Exercise:
Reproduce exactly, and solely, the lines running from the top of the data below through the line with "Justice Orange Skinny Low Rise Jean Shorts 10R", both inclusive. Omit pictures.

Exercise input:

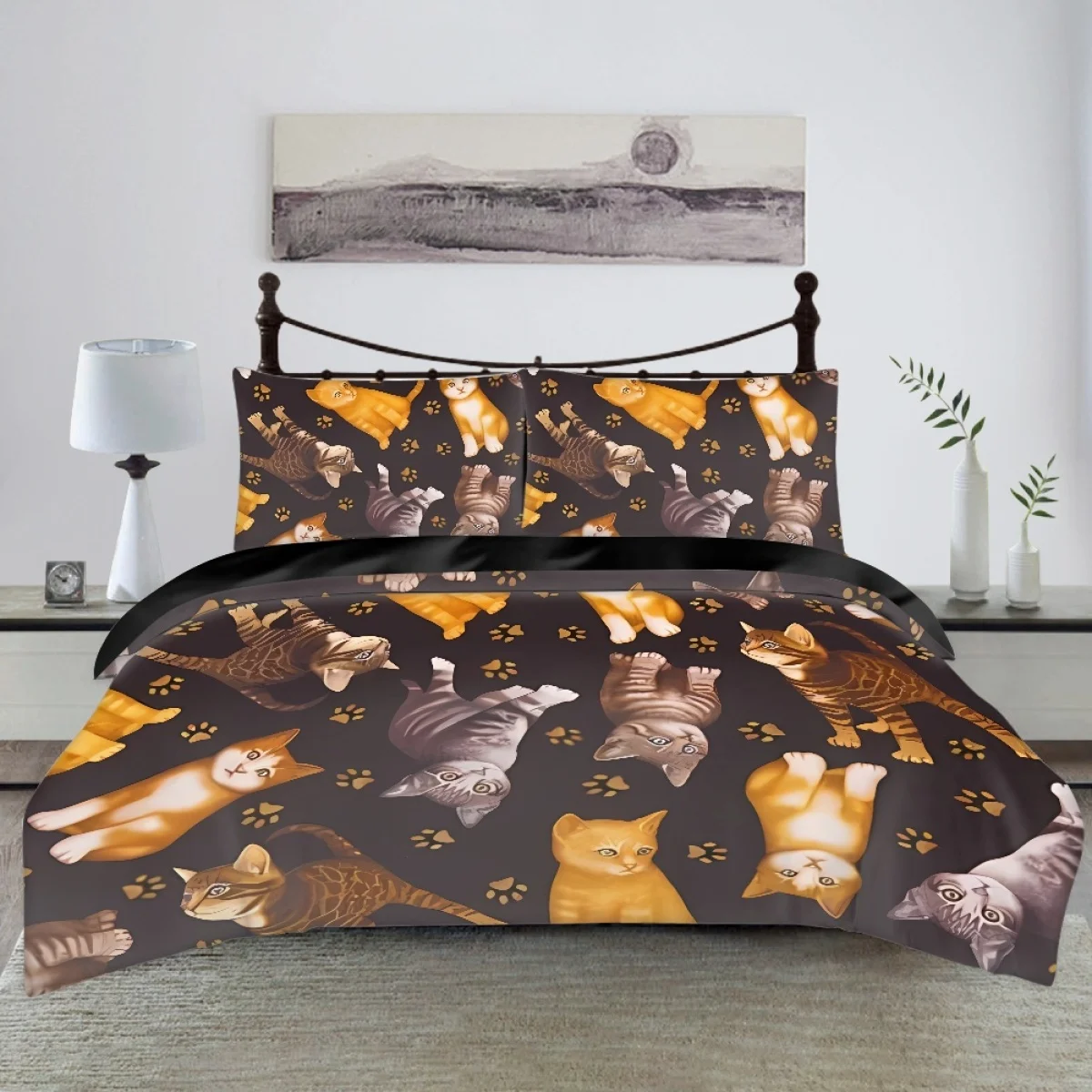 

TOADDMOS Cartoon Cat Family Print Bedding Set Soft Comfortable Quilt Cover Set Pillowcases Duvet Cover Single Double King Size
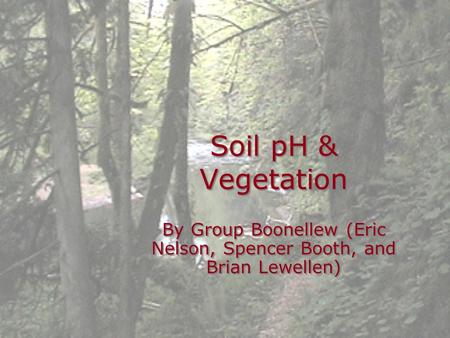 Soil pH & Vegetation By Group Boonellew (Eric Nelson, Spencer Booth, and Brian Lewellen)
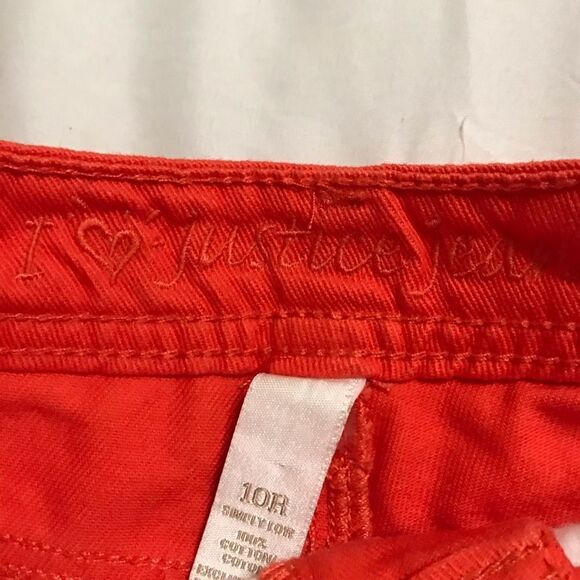 Justice Orange Skinny Low Rise Jean Shorts 10R - Picture 4 of 8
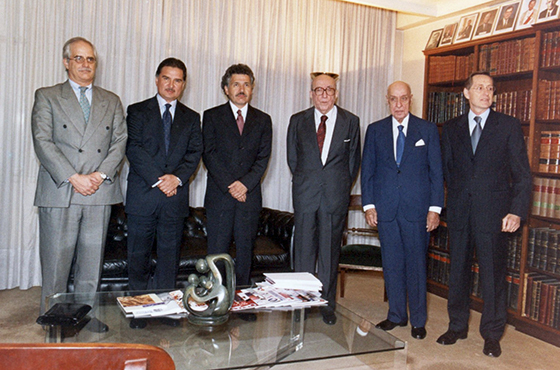 Dr. Jorge Taiana, D. Alfonso Antonio Portillo Cabrera, Canciller Edgard Gutiérrez Girón, Emb. Carlos Manuel Muñiz, Dr. Juan R. Aguirre Lanari y Dr. Adalberto Rodríguez Giavarini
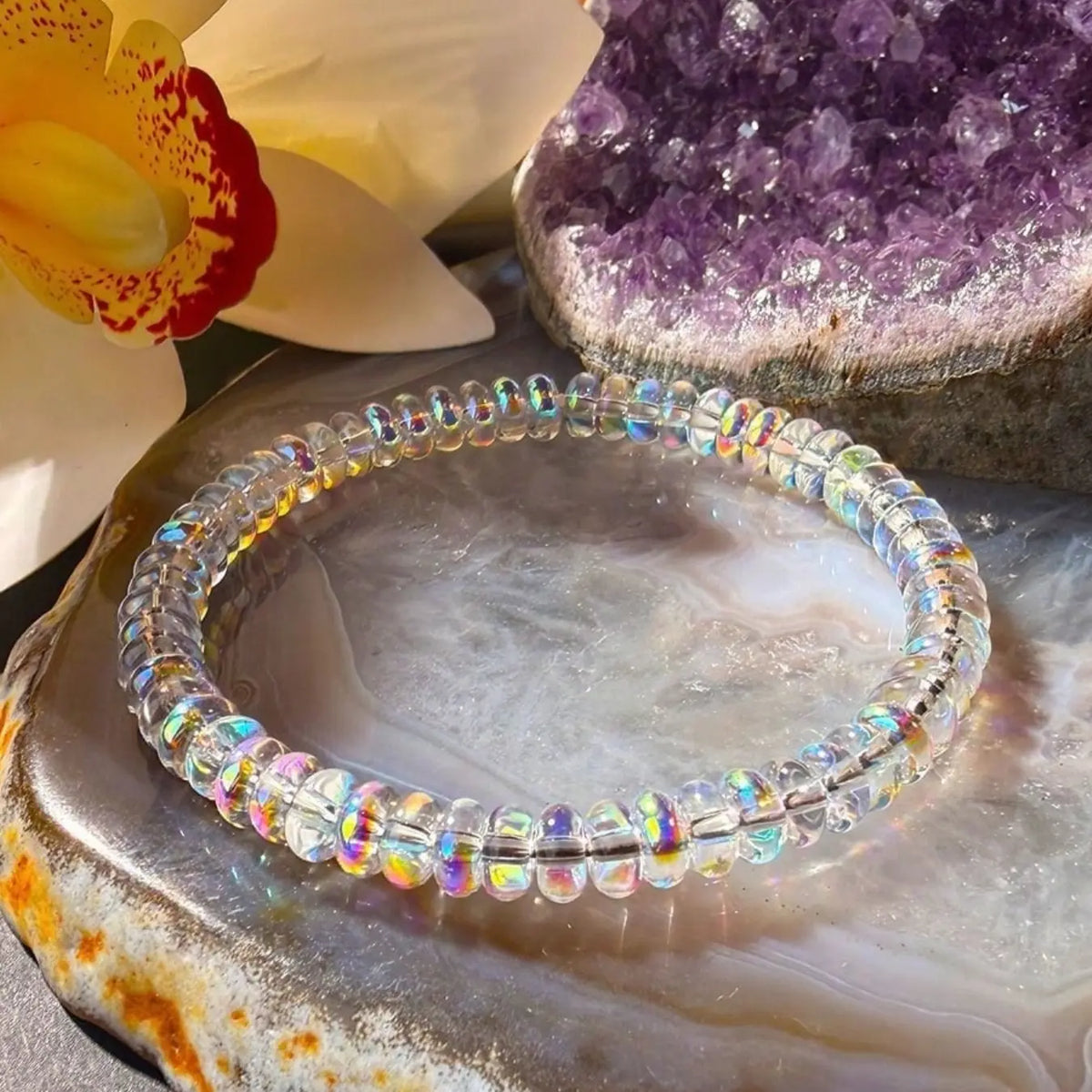 1pcs Artificial opal Ladies' Resin Adjustable Minimalist Jewelry Bracelets Bangle, with An Elastic String Accessory That Helps Maintain Emotional Balance Daily Vacation Gift From A Best Friend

Answer to this task:
TOADDMOS Cartoon Cat Family Print Bedding Set Soft Comfortable Quilt Cover Set Pillowcases Duvet Cover Single Double King Size
 Soil pH & Vegetation By Group Boonellew (Eric Nelson, Spencer Booth, and Brian Lewellen)
 Justice Orange Skinny Low Rise Jean Shorts 10R - Picture 4 of 8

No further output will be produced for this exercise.